Para a (re)estreia da semana de moda carioca, entre 14 e 18 de abril, 20 nomes se apresentarão no Píer Mauá – e dez deles são cariocas: Angela Brito, Argalji, Blue Man, Handred, Isabela Capeto, Lenny Niemeyer, Lucas Leão, Osklen e Salinas. Felizmente, a IMM parece ter aprendido que a moda não se resume à ponte aérea, e explicita que há marcas de todas as regiões do país, como a Dendezeiro da Bahia e a Normando, dos paraenses Marco Normando e Emídio Contente. 

Made in Rio

É justo dizer que o Rio de Janeiro venceu a batalha: deixou as inspirações de Paris para trás, transformou suas fortalezas em símbolos e conseguiu projetá-los para o mundo. A ideia colorida do lifestyle carioca, firmada lá nos anos 1980, é global: pergunte a qualquer gringo qual é a estética do Brasil e as chances são altas de ele devolver palavras como “colorida”, “tropical” e “alegre”. 

Atuando do lado empresarial desde os tempos de Fashion Business – um evento de vendas que ela agregou ao Fashion Rio em 2002, quando ainda liderava o evento –, Eloisa Simão acredita que os designers cariocas podem trilhar um novo caminho identitário. “O Rio tem uma vocação séria para a sustentabilidade e para a produção circular. Vê-se muitas marcas pequenas com estilo próprio e maravilhoso”, aposta. 

Ao estampar o orgulho carioca, a Farm Rio se tornou fenômeno dentro e fora do Brasil.

Ao estampar o orgulho carioca, a Farm Rio se tornou fenômeno dentro e fora do Brasil.
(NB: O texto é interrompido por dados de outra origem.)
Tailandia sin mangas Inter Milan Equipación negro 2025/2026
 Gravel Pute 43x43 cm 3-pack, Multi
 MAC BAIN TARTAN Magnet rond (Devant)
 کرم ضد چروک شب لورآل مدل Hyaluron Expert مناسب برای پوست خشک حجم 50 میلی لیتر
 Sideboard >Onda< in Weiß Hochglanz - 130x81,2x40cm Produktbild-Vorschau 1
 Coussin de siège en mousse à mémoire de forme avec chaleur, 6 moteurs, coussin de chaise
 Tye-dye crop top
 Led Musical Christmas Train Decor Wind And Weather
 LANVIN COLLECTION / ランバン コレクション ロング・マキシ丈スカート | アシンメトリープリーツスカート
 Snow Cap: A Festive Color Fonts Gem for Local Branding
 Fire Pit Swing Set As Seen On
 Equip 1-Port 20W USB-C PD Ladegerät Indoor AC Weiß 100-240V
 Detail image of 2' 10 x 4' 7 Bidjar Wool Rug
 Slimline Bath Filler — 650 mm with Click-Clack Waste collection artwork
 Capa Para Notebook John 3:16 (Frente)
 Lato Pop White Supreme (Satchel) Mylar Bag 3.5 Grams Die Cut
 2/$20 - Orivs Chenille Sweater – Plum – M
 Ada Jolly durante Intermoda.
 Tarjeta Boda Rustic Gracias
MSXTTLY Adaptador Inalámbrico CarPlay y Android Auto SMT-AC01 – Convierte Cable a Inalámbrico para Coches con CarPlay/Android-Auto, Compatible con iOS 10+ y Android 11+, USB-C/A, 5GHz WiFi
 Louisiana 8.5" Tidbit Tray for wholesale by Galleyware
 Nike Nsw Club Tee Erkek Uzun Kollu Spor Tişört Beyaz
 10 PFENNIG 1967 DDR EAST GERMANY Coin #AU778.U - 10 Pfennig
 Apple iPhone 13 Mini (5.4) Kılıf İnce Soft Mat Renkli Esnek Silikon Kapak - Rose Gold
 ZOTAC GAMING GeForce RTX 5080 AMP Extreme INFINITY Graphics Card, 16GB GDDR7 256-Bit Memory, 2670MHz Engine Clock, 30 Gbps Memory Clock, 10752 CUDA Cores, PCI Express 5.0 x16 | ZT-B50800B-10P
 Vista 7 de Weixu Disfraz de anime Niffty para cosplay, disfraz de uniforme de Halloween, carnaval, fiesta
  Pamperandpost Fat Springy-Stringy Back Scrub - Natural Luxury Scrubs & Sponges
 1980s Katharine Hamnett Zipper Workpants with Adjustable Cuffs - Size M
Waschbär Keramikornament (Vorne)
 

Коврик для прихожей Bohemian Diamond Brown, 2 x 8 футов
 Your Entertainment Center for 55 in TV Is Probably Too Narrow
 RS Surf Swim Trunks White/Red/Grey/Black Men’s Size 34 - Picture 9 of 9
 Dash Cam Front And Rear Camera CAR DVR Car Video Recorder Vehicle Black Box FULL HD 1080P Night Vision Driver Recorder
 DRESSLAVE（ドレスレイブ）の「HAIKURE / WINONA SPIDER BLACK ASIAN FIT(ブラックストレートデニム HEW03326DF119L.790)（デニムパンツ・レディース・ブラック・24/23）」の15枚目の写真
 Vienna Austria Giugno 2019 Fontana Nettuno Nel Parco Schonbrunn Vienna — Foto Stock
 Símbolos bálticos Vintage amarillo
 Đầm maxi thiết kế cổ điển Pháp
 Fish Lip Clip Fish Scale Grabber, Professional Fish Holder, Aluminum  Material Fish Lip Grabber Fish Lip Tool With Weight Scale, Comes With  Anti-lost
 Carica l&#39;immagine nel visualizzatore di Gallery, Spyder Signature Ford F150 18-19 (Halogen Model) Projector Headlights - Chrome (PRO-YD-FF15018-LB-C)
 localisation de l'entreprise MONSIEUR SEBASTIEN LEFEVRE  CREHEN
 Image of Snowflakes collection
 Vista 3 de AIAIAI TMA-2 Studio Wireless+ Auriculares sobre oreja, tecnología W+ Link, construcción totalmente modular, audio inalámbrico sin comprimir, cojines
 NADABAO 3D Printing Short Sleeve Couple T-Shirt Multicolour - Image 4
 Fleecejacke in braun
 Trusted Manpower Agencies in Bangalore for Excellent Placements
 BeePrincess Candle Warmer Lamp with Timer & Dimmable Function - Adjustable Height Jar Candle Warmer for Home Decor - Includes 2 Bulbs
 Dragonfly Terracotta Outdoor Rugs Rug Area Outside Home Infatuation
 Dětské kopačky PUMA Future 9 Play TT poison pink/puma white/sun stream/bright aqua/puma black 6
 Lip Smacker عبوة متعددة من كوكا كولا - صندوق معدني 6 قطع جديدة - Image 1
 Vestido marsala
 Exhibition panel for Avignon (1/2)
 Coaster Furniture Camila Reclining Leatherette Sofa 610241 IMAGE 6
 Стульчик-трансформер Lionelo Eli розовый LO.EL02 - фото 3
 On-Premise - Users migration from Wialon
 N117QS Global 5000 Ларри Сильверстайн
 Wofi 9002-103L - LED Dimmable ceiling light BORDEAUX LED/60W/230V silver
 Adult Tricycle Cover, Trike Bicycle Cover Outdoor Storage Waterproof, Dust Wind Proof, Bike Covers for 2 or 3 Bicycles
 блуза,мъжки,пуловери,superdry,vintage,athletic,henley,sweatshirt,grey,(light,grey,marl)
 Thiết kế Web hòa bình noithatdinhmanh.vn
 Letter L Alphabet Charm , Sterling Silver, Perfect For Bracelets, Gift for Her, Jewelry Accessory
Foto: Farm Divulgação

Para Katia Barros, da Farm, os cariocas descobriram que podem reverberar com pessoas do mundo inteiro – um poder incomum. “O Rio trouxe uma relação mais livre com a moda. Uma informalidade que não é desleixo, mas sim uma escolha: um jeito de se vestir que está muito conectado com o corpo, com a praia, com a rua, com a vida acontecendo”, fala. “Foi interessante ver como esse jeito também encantava pessoas de outros lugares. Isso me mostrou que esse espírito é muito mais universal do que parece.”

A moda carioca já provou que consegue, com inteligência e irreverência, tornar-se irresistível. Hoje mergulhado no acervo da família Azulay e cercado por parte dessa história, Thomàz está otimista com o potencial de um novo holofote: “A semana de moda é uma grande vitrine para o mundo, para as pessoas virem para cá e entenderem que o Rio não é só aquele bafafá – que é maravilhoso –, mas também uma possibilidade econômica”.